### Goal of the exercise
Copy out the data below. Leave nothing out and alter nothing.

### Information provided
-- Opening Marker --

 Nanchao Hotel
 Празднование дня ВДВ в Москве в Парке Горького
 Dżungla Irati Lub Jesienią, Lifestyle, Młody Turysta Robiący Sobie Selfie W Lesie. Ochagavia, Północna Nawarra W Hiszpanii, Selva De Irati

-- Closing Marker --

### Written reply
 Nanchao Hotel
 Празднование дня ВДВ в Москве в Парке Горького
 Dżungla Irati Lub Jesienią, Lifestyle, Młody Turysta Robiący Sobie Selfie W Lesie. Ochagavia, Północna Nawarra W Hiszpanii, Selva De Irati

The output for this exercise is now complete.